W sobotę Henry przyjechał do ośrodka Liverpoolu, obejrzał trening, a potem spotkał się z piłkarzami. - Czeka nas dużo pracy, ale mamy dobrą organizację, finanse i naprawdę dobrych strategów - powiedział Henry.

Chyba nawet on nie zdawał sobie sprawy z tego, jak trudne czeka go zadanie.

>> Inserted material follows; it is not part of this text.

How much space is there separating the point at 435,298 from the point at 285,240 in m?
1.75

We wczorajszych derbach Everton od początku nie dopuszczał piłkarzy "The Reds" na własną połowę dzięki intensywnemu pressingowi. Z czasem zaczął też lepiej atakować i po 30 minutach objął prowadzenie. Po przerwie Liverpool nie zdążył jeszcze zagrozić bramce gospodarzy, a już przegrywał 0:2, bo gola strzelił Mikael Arteta. Rozpaczliwe próby strzałów Raula Meirelesa niczego już nie zmieniły, podobnie jak dośrodkowania Joe Cole'a i nieudane dryblingi Fernando Torresa. Steven Gerrard jest cieniem piłkarza sprzed dwóch lat, a jedynym, który nieudolnie próbował kolegów poderwać do walki, był Jamie Carragher. Swoim frustracjom dawał upust poprzez kłótnie z sędzią i przepychanki z rywalami. Choć wciąż nie sposób oceniać pracy trenera Roya Hodgsona, coraz częściej pojawiają się komentarze, że Anglik nie jest w stanie zmienić stylu gry Liverpoolu.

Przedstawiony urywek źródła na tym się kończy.